Task brief – Make a verbatim copy of the records; pictures stay out.

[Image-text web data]
══════

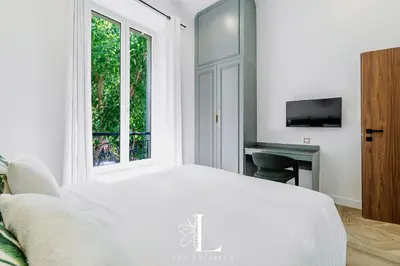 a white bedroom with a bed and a window at Les Lucioles 5- Luxury 2-Bedroom Apartment in Cannes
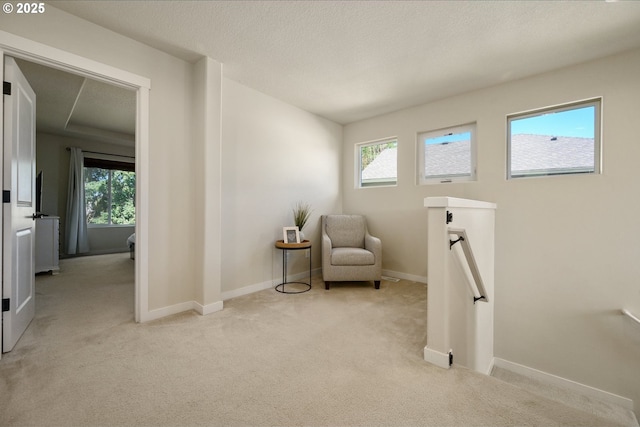 living area featuring baseboards, light carpet, a textured ceiling, and an upstairs landing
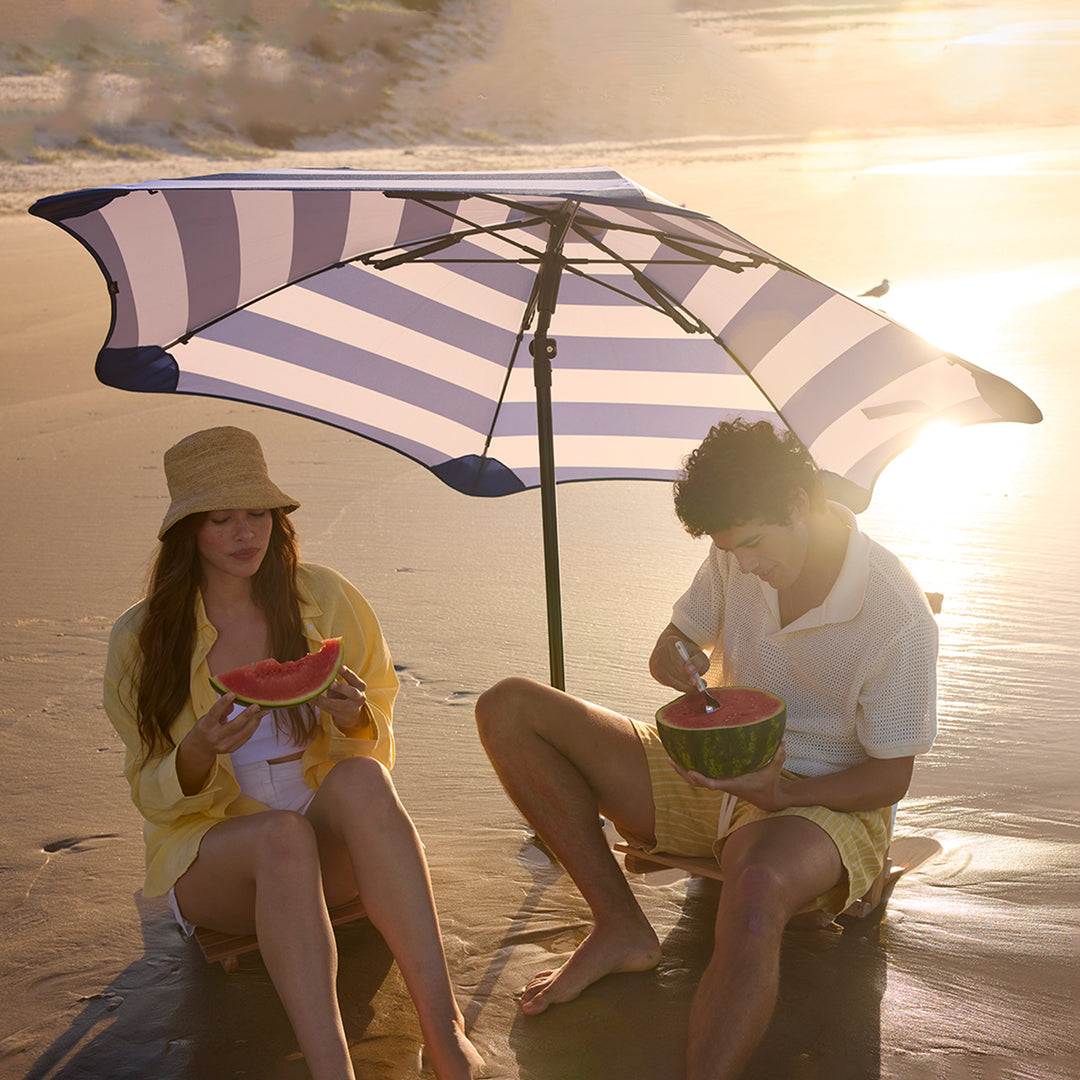 blunt | beach umbrella | sea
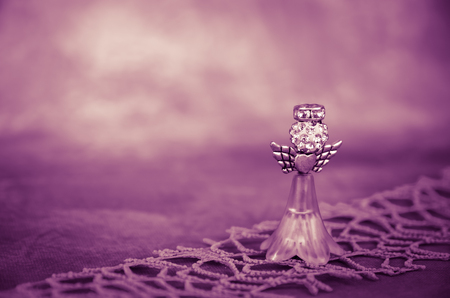 crystal angel decoration against purple backgroundの写真素材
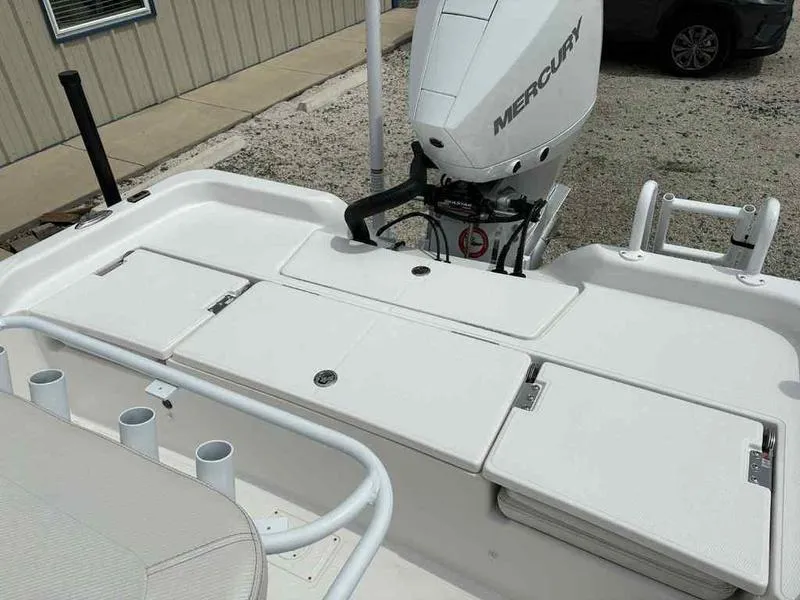 Slide: The Image of 2026 Blazer PureBay 2200 boat with Mercury engine, featuring storage compartments and rod holders. - 25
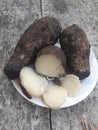 Close up of boiled kimpul food on a small plate.Wooden background.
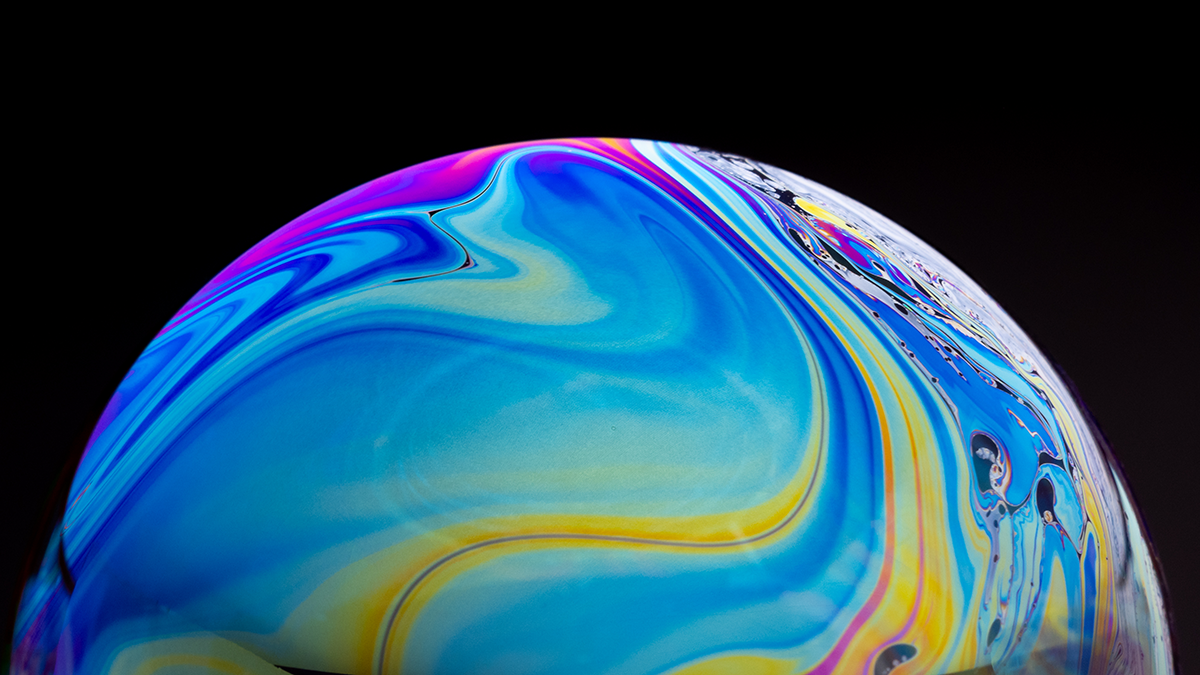 Close up of a colorful soap bubble, looks like a beautiful planet in space.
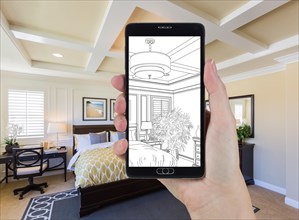 Hand holding smart phone displaying drawing of custom bedroom photo behind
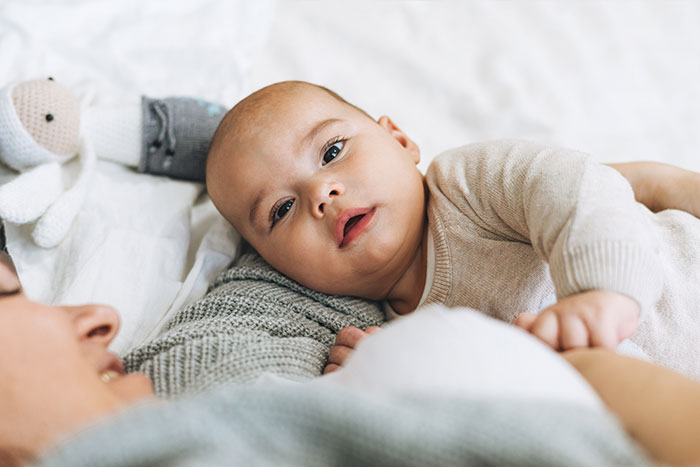 Ernaehrung Saeugling liegt mit Mutter auf dem Bett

══════

Exercise output –
 a white bedroom with a bed and a window at Les Lucioles 5- Luxury 2-Bedroom Apartment in Cannes
 living area featuring baseboards, light carpet, a textured ceiling, and an upstairs landing
 blunt | beach umbrella | sea
 crystal angel decoration against purple backgroundの写真素材
 Slide: The Image of 2026 Blazer PureBay 2200 boat with Mercury engine, featuring storage compartments and rod holders. - 25
 Close up of boiled kimpul food on a small plate.Wooden background.
 Close up of a colorful soap bubble, looks like a beautiful planet in space.
 Hand holding smart phone displaying drawing of custom bedroom photo behind
 Ernaehrung Saeugling liegt mit Mutter auf dem Bett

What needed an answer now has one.